En 1887, la principauté autonome deBulgarie se donne comme souverain Ferdinand de Saxe-Cobourg, officier austro-hongrois, ce qui ne manque pas d'inquiéter le tsar qui y voit l'influence de l'Allemagne. Dès lors, à l’instigation de son ministre Nicolas de Giers, il va se rapprocher de la République française, elle-même très heureuse de trouver un allié de revers face à l'Allemagne. 

Les premiers emprunts russes sont placés à Paris en octobre 1888. En 1914, les épargnants français ont déjà placé 11,5 milliards de francs en Russie. C’est le quart des investissements français à l’étranger. Ils ont vocation à améliorer le réseau ferré russe, avec un dessein avant tout militaire : faciliter la mobilisation générale en cas de guerre et permettre le déploiement des troupes sur la frontière avec l'Allemagne et l'Autriche-Hongrie !

Le 27 août 1891, la France et la Russie signent un traité d’alliance par lequel elles s’engagent à s’apporter une aide mutuelle en cas d'agression étrangère. Une convention militaire secrète à vocation défensive est aussi signée le 17 août 1892,. La flotte française visite Kronstadt, celle des Russes découvre Toulon.

Une maladie des reins emporte le tsar en 1894 sans qu'aucune guerre n'ait été entreprise durant tout son règne. Il a au contraire mis un terme à l'expansion russe en Asie centrale...

La conquête de l’Asie centrale et « Le Grand Jeu »

Au XVIe siècle, à peine libérée du joug mongol, la Russie s'est lancée à la conquête de l’immense steppe d’Asie centrale, peuplée de cavaliers nomades et d’oasis. En 1557, la Russie a annexé la Bachkirie, entre la Volga et l’Oural, et fondé la ville d’Oufa, son avant-poste en Asie centrale.
À partir de la Bachkirie, les Russes arrivent au début du XVIIIe siècle aux portes du Kazakhstan. La conquête de cette vaste région, interrompue par les guerres en Europe, prendra plus d’un siècle et s’achèvera en 1847. Les steppes kazakhes sont à peine conquises que les Russes lorgnent déjà sur l’Ouzbékistan alors constitué de trois khanats rivaux. De leur côté, les Anglais, maîtres de l’Inde, viennent de s’emparer du Cachemire et avancent vers le nord. Une course pour la domination de la région est alors engagée entre les deux empires. C’est le fameux « Grand Jeu », selon l’expression popularisée par Rudyard Kipling.
Sans perdre de temps, l’empire tsariste se lance à l’assaut du khanat de Kokand. En 1865, les troupes russes s’emparent facilement de Tachkent, centre névralgique de l’Asie centrale. Trois ans plus tard, elles entament la conquête du khanat de Boukhara. Samarcande, ancienne capitale de Tamerlan, se rend le 1er mai 1868. En 1873, le khanat de Khiva est vaincu à son tour. L’Ouzbékistan est entièrement annexé.
Reste un dernier territoire indépendant : le Turkménistan. Les Russes l’envahissent en 1877 mais subissent une sévère défaite, la première de la conquête, et qui ébranle sérieusement le prestige du tsar. Une nouvelle expédition est lancée en 1880 qui se solde par la prise d’Achgabat et la reddition des tribus turkmènes. Quatre ans plus tard, les Russes atteignent les frontières de l’Afghanistan, semi-protectorat britannique.
Alors qu’une guerre entre les deux empires semble inéluctable, Alexandre III ordonne l’arrêt de l’expansion russe en Asie centrale. Pour éviter tout conflit, il propose à Londres un accord délimitant la frontière russo-afghane. À l’été 1887, un traité est conclu établissant officiellement la frontière nord de l’Afghanistan.

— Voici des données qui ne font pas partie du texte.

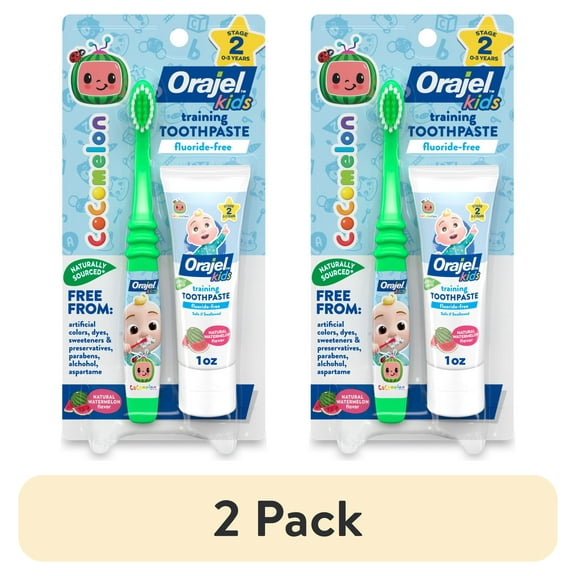 (2 pack) Orajel Kids CoComelon Toothbrush & Training Toothpaste Fluoride-Free Watermelon Flavor, 1 oz
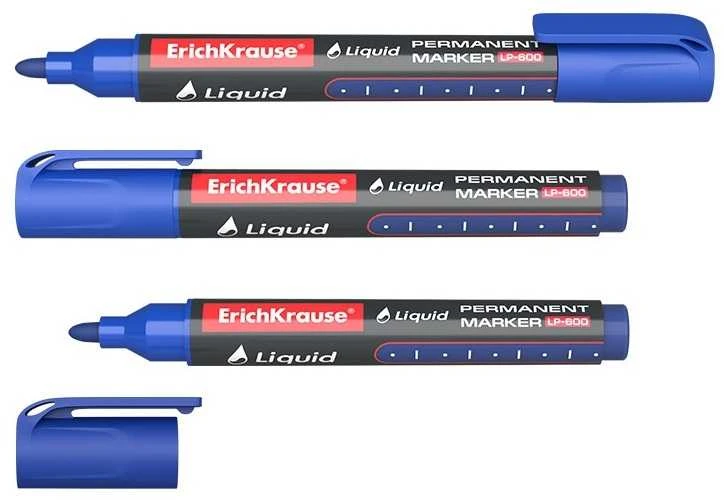 Permanentinis žymeklis LIQUID LP-600, ErichKrause, 0.8-2.25mm, mėlynos sp.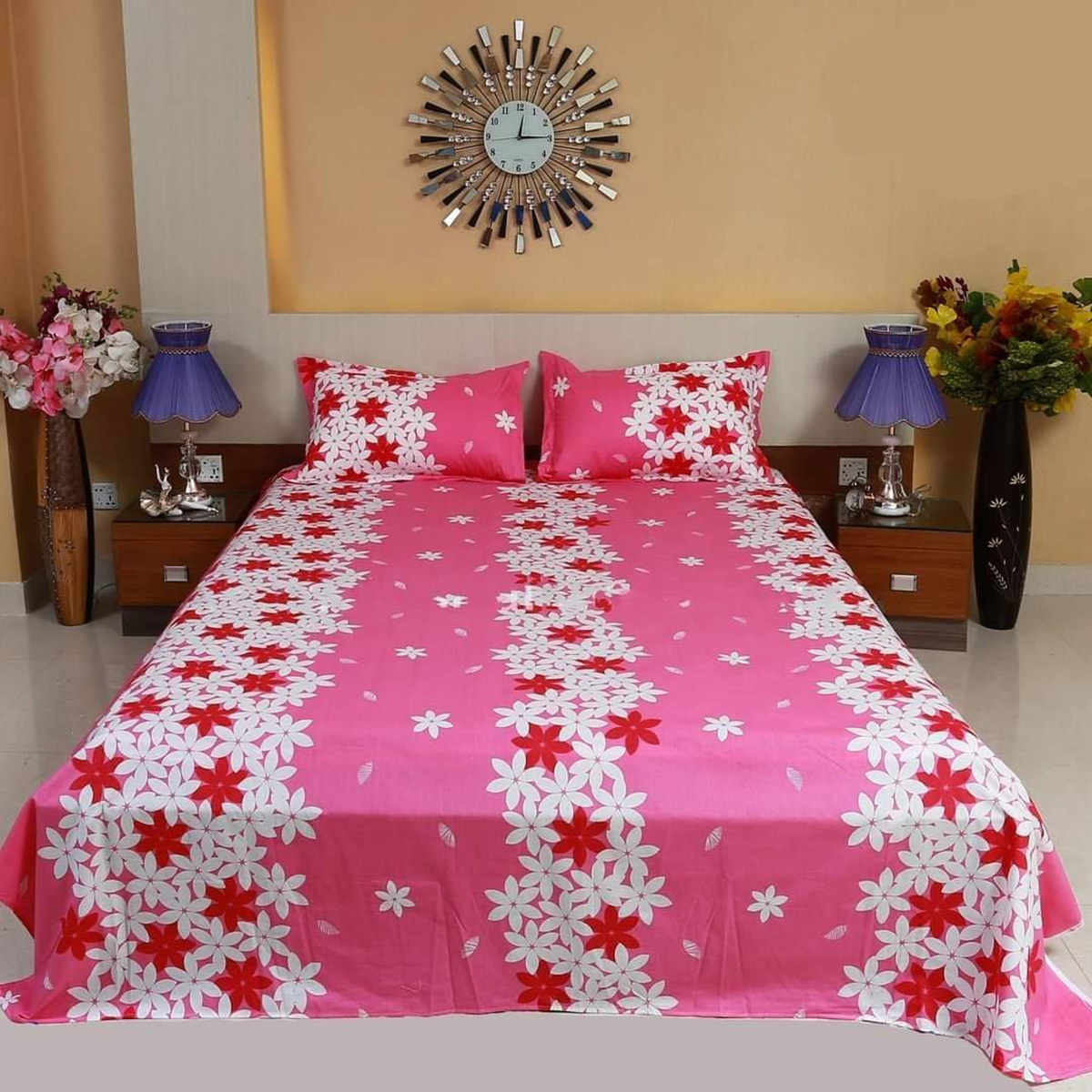 Double Size Cotton Bed Sheet With Matching 2 Pillow Covers - Multicolor Elegance - Elevate Your Bedding Setup with Style and Comfort. 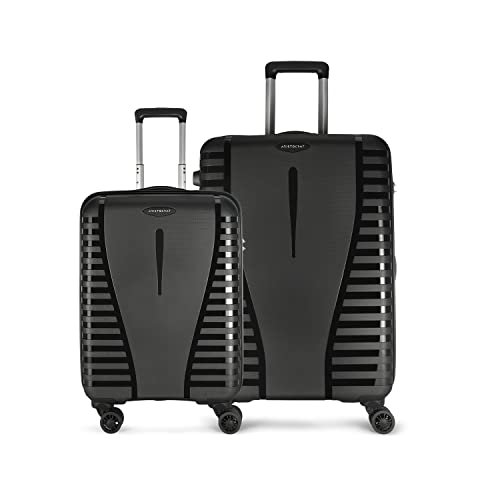Aristocrat Air Pro Set of 2 Hard Polypropylene Check-in Trolley Bag(56+76cm)|Cabin & Large|Lightweight with 4 Wheel Spinner Strong Wheels, Secured Zip & Secured Combination Lock|Jet Black|Unisex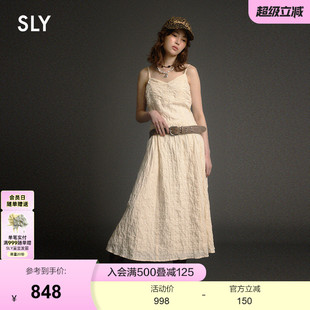 4581 SLY2025夏季 新品 甜美优雅纯色大摆中长款 吊带连衣裙030ISR33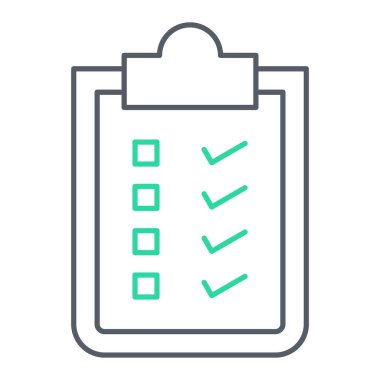 Kontrol listesi simgesi. Web için kontrol listesi vektör simgelerinin basit illüstrasyonu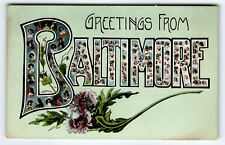 Greetings From Baltimore Maryland Postcard Large Letter 1909 Make In Germany picture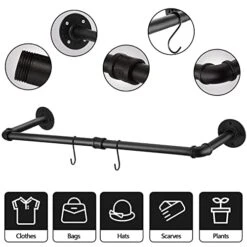 C&AHOME Industrial Pipe Clothes Rack, 2 Pack Clothing Rack Wall Mount 36’'L With 4 S-Shaped Hooks, MultiPurpose Detachable Hanging Bracket Rod, Space-Saving Heavy Duty Garment Rack Bar Black UPCRM02B 10 C&AHOME Industrial Pipe Clothes Rack, 2 Pack Clothing Rack Wall Mount 36’'L With 4 S-Shaped Hooks, MultiPurpose Detachable Hanging Bracket Rod, Space-Saving Heavy Duty Garment Rack Bar Black UPCRM02B -GENERIC Shop 41bFo41jZdL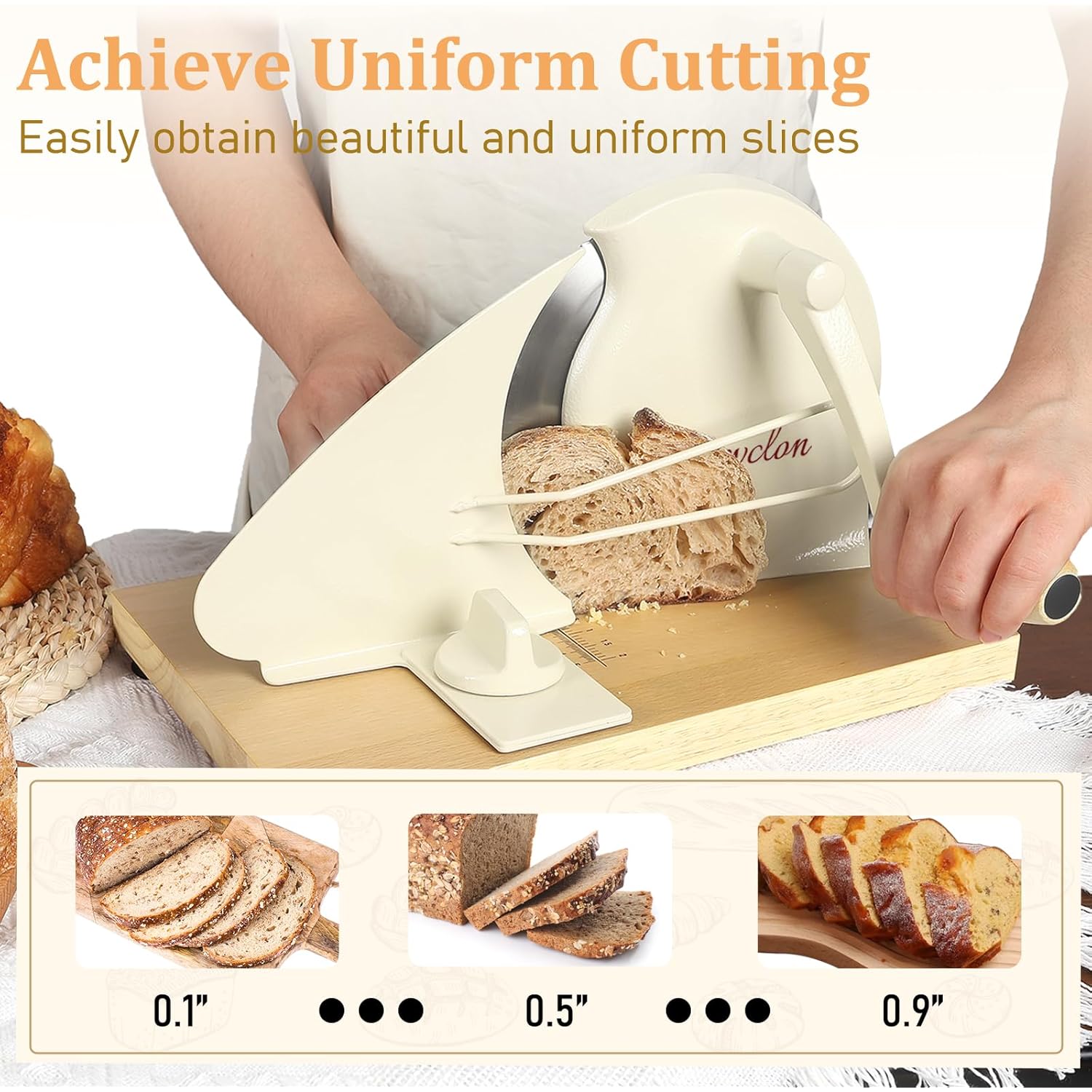 Brvclon Manual Bread Slicer for Homemade Sourdough,Adjustable Thickness,Hand Crank Bread Slicer with Stainless Steel Blade, Aluminum Alloy Frame & Solid Wood Base with Natural Wood Veneer Finish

Le Dernier combat de Plevna (28 novembre 1877) et le Passage du Danube par les forces russes, Nikolaj Dmitriev-Orenburgskij, 1889, Moscou, musée historique militaire de l'artillerie.

1894-1918 : Nicolas II, le dernier Romanov

Comme son père, Nicolas II n’a nullement l’intention de réformer le système absolutiste. Personnage faible et indécis, il préfère mener une vie bourgeoise, loin du peuple, entouré d’un cercle restreint, dans son palais de Tsarskoïe Selo.

Le nouveau tsar poursuit la politique diplomatique de son père. Reçu à Paris en 1896, il pose la première pierre du pont Alexandre III, symbole de l’alliance franco-russe. Mais Nicolas II rêve avant tout de paix universelle. Il œuvre pour le désarmement des grandes puissances et l’humanisation des procédés de guerre. C’est à son initiative qu’est créée la première Conférence mondiale de la paix à La Haye, en 1899.

Le pays poursuit sa modernisation avec le comte de Witte, ministre des Finances de 1892 à 1903, Premier ministre de 1905 à 1906, puis avec Piotr Stolypine, ministre des Finances de 1906 à 1911. Conduite tambour battant par l’État, l’industrialisation se fait à travers des usines géantes comme les usines Poutilov de Saint-Pétersbourg (Petrograd) (12 000 ouvriers).

Réception solennelle de Nicolas II à Paris, 1896, Georges Becker, Saint-Pétersbourg, musée de l'Ermitage. Agrandissement : Perspective de l'avenue Nicholas II et du pont Alexandre III, Exposition universelle, 1900, Washington, Library of Congress.

La guerre russo-japonaise

Avec la construction du transsibérien, Nicolas II souhaite accroître l’implantation russe en Extrême-Orient et s’intéresse à la Mandchourie et à la Corée. En 1898, la Chine concède à la Russie pour 25 ans le port de Port­Arthur (actuel Lüshun), donnant sur le Golfe de Corée. Il devient la deuxième base navale russe du Pacifique.

Nicolas II en 1900, Earnest Lipgart, Saint-Pétersbourg, musée d'État de Tsarskoïe Selo. Agrandissement : Nicolas II en 1915 par Boris Koustodiev.La poussée russe dans la région se heurte aux desseins japonais. Dans la nuit du 8 au 9 février 1904, l’armée nippone attaque l'escadre russe de Port-Arthur, sans déclaration de guerre préalable (tactique qui sera reprise pour Pearl Harbor). Sept bâtiments sont coulés.

La Russie n’était pas préparée à la guerre. Ses troupes stationnées en Sibérie sont réduites et surtout très loin de leurs bases. Pour acheminer des renforts, une escadre russe va parcourir le plus long périple militaire de l’histoire : elle quitte la Baltique et rejoint la mer de Chine en contournant l’Afrique et en traversant l’Océan indien.

Après plusieurs mois de siège, Port-Arthur capitule le 2 janvier 1905. Le 28 mai, la quasi-totalité de la flotte russe est détruite par la marine japonaise à la bataille de Tsushima, obligeant le gouvernement russe à entamer des négociations. Pour la première fois dans l’histoire contemporaine, une puissance européenne est vaincue par une nation asiatique.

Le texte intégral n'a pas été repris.